# Are not Recumbent Bicycles Becoming Classic Custom Bicycles?



## grey3speedfrmeuro (Aug 1, 2010)

Are not Recumbent Bicycles Becoming Classic Custom Bicycles?


A local shop incoraged me to go to the Sun bicycle web page to look at thier Recumbent bikes. I was supprised to see the Recumbent linage goes back to the early 1970's wouldnt this soon make them something of a collectable in thier own right? They are comfortable for people like me who have back, knee and hip issues. As a bicycleist you arent exerting as much downward thrust to climb a hill that can be pure pain for somone like me on a traditional bike.

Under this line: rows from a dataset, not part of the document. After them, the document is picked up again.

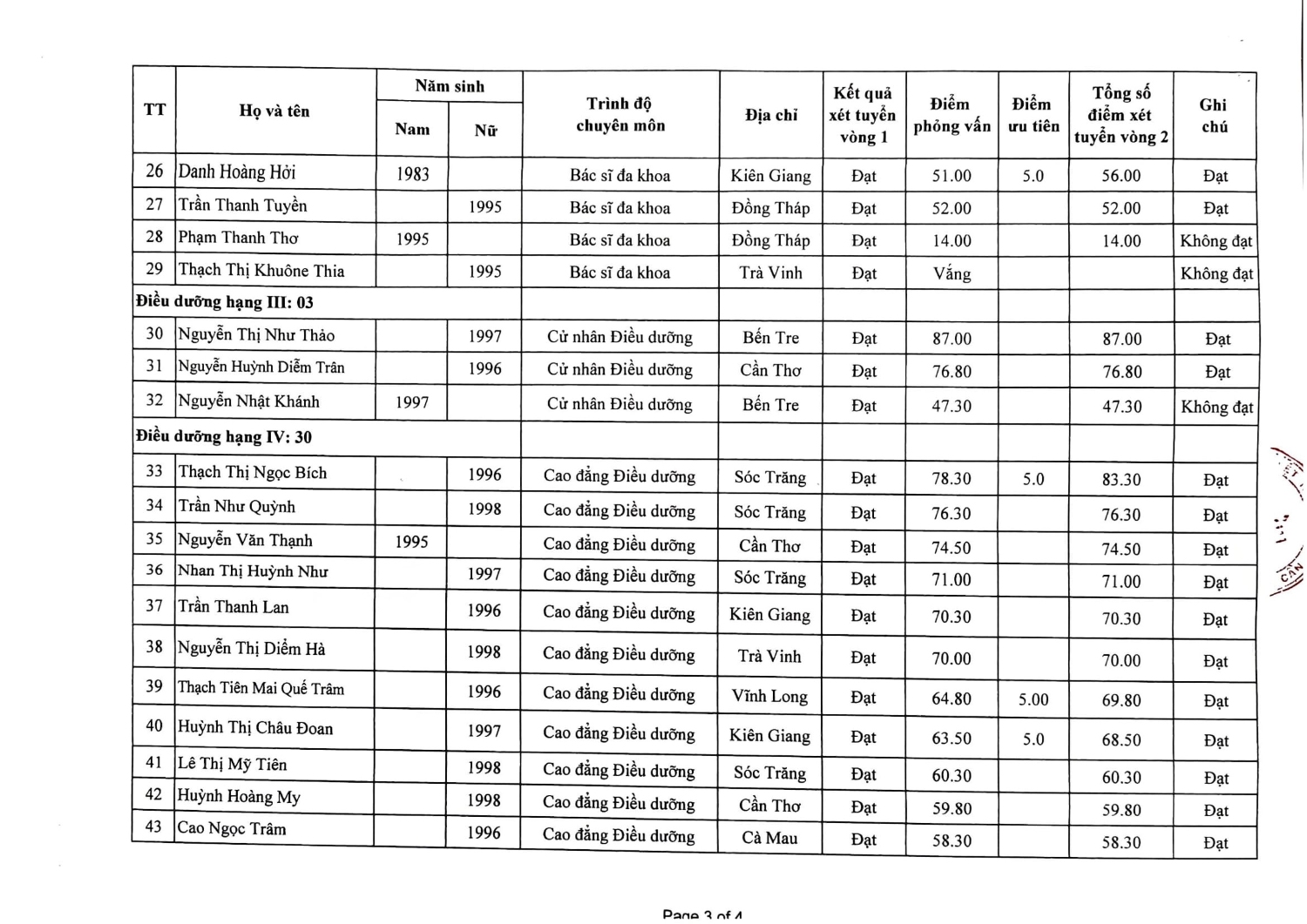 Kết quả tuyển dụng 2020 4
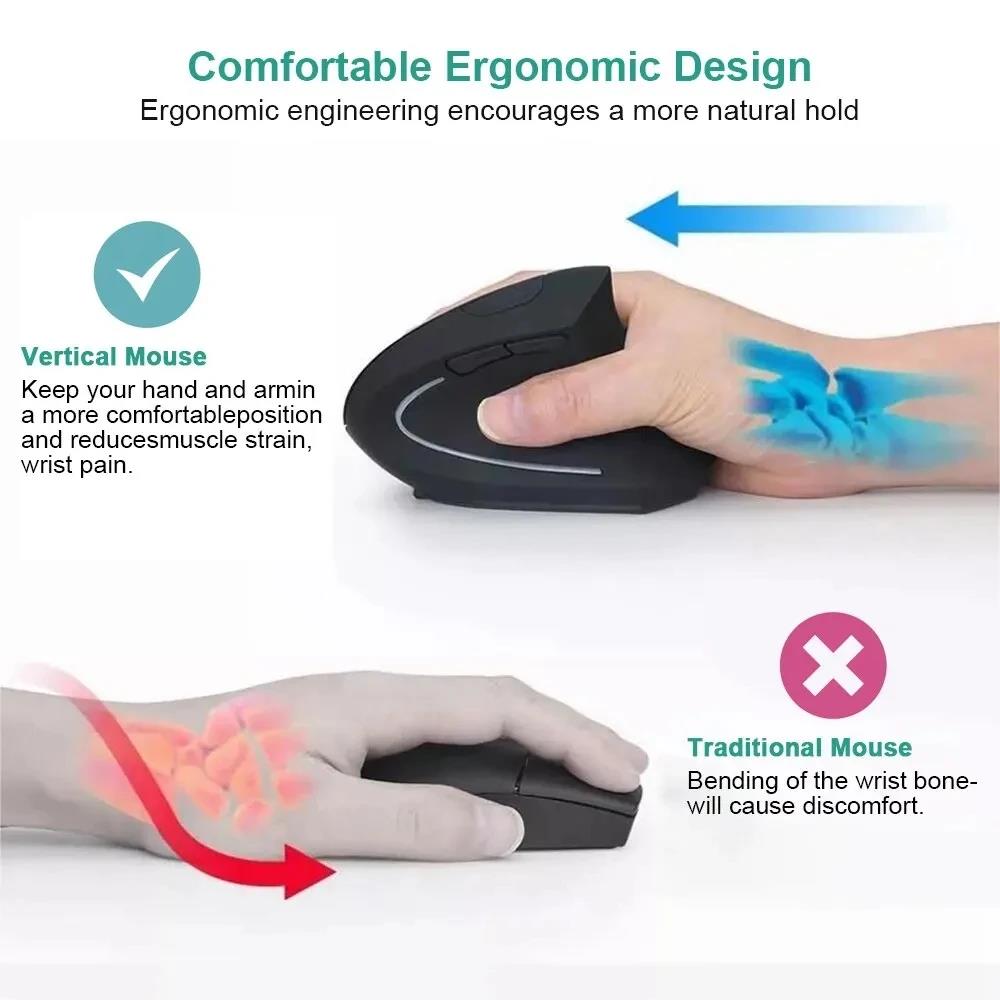 Mouse Vertikal Ergonomis 2.4GH - Ergonomic Desk Setup Keyboard ulasan dan harga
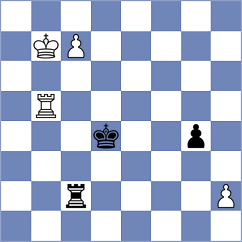 Rey Martinez - Nasybullina (chess.com INT, 2023)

Seems to me if I stay active I keep my hart helthy and arthritis to a minimum.

Thanks...


----------



## partsguy (Aug 2, 2010)

As a general thing (at least for me), cars, bikes, etc. that are at least 25 years old or older are technically considered Classics.


----------



## Andrew Gorman (Aug 2, 2010)

Recumbents go back a lot further than the 1970's- like anything bicycle, there were recumbents in the 19th century.  Their performance was so much better than a diamond frame they were banned from races in the early 1930's, and have been a bit of an oddity ever since.


----------



## grey3speedfrmeuro (Aug 3, 2010)

I never knew that, this is becoming quite an education. Can you recommend books on bike history by frame type?


----------



## sam (Aug 3, 2010)

Do a Search on  velocar


----------